Comment by leephillips
4 years ago
Everything about this web page is awesome. The rest of the site is pretty sweet, too (there is a “proof” that π is rational that I enjoyed).
I especially like the links to related work. Too many people write about what they made, or put up a page explaining something, giving the impression that they are the only ones who ever wrote about the thing or did any work on it in the history of human thought. The web thrives on linkage.
>> The web thrives on linkage.
It does, but a business never wants you to leave their site so outbound links are considered bad. Oddly, they love inbound links which would be outbound for someone else. Some people extend this to their blogs, as it is definitely important for SEO using the original page-rank algorithm.
Now that I think of it, having no outbound links is a great way to rank a page as less useful in some sense.
It does make it less useful, in an objective sense.
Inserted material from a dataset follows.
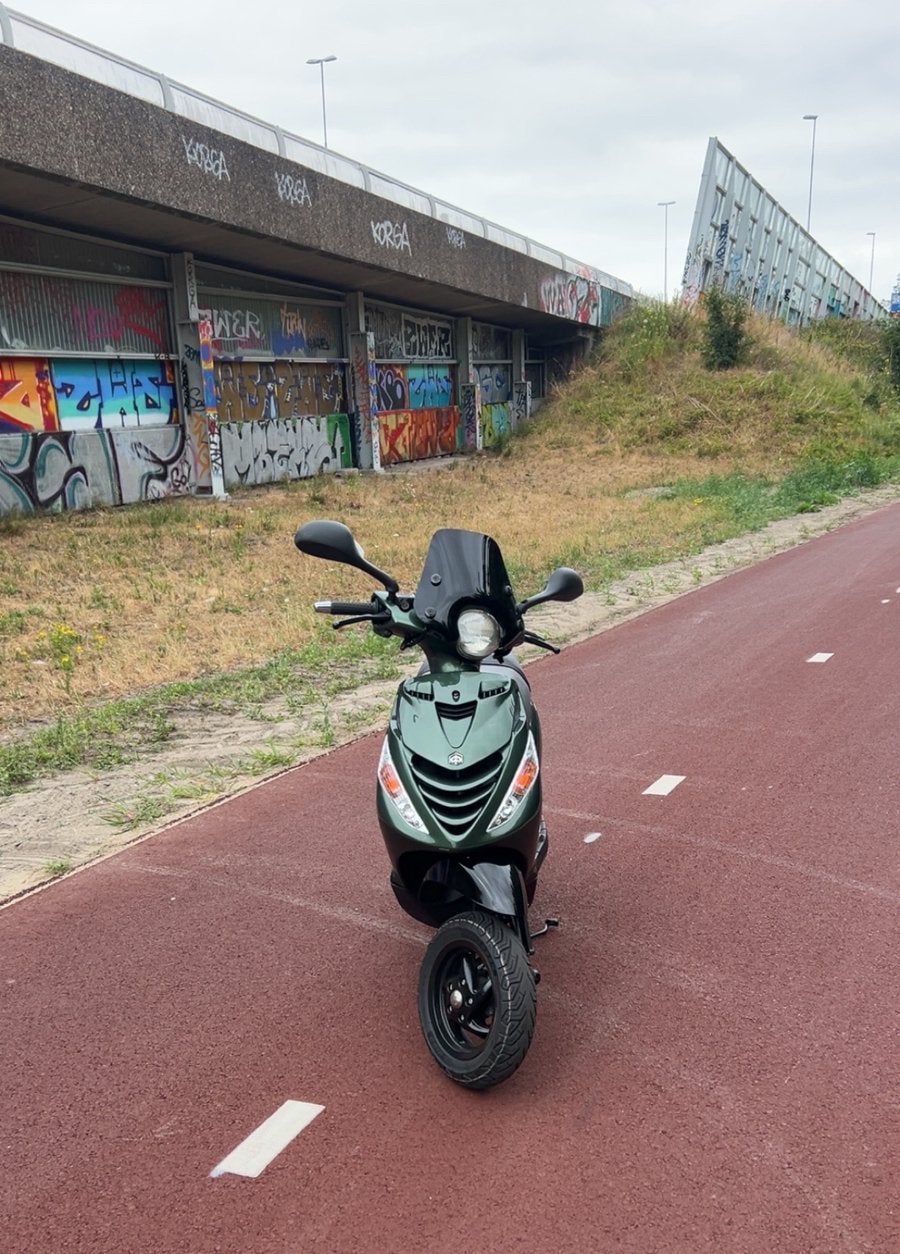 Zip sp 70cc 2t sp vork, Fietsen en Brommers, Scooters | Piaggio, Ophalen, Tweetakt, Maximaal 45 km/u, Zo goed als nieuw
Before the web, the practice of linking to other work, through footnotes, references, or just mentioning it in the text, was essential for anything to be taken seriously, and an absolute requirement for any scholarly publication. The web is, potentially, a wonderful evolution of this custom. You’re right about some commercial sites avoiding outbound links, but none of the ones I write for; all my editors encourage it. And there is no excuse to find this tendency to isolation on a personal site. I tend to avoid reading, and especially linking, to resources without good outbound links.